L’art est un formidable outil d’influence internationale. Il sert à montrer le dynamisme d’une nation sur l’échiquier mondial, ce qu’avait parfaitement compris en son temps Louis XIV à Versailles … mais l’époque qui nous intéresse est celle de la modernité. Paris était le centre de l’art pour d’innombrables artistes, amateurs d’art, collectionneurs et galeristes. Les collectionneurs américains Gertrude et Léo Stein le docteur Barnes achetaient Picasso et Matisse dès leurs débuts.
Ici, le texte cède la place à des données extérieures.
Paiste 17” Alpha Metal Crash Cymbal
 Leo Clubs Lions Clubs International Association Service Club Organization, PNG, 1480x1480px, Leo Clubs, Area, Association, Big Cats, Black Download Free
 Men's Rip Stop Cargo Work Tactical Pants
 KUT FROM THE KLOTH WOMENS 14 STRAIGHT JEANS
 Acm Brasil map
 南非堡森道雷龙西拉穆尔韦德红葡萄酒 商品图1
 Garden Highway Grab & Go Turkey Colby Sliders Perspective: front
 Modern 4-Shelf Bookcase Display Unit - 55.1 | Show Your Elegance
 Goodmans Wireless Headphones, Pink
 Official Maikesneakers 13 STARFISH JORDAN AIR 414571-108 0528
Or ce centre va, après la deuxième guerre mondiale, se déplacer à New York, comment ?

Les musées de New York naissance de l’identité américaine et du «soft power»

Depuis la fin du 19e siècle, New York possède deux grands musées, au départ remplis de collections européennes.
En 1872 le Metropolitan Museum of Art sur la 5e Avenue près de Central Park est le plus grand musée des États-Unis et l’un des plus grands du monde.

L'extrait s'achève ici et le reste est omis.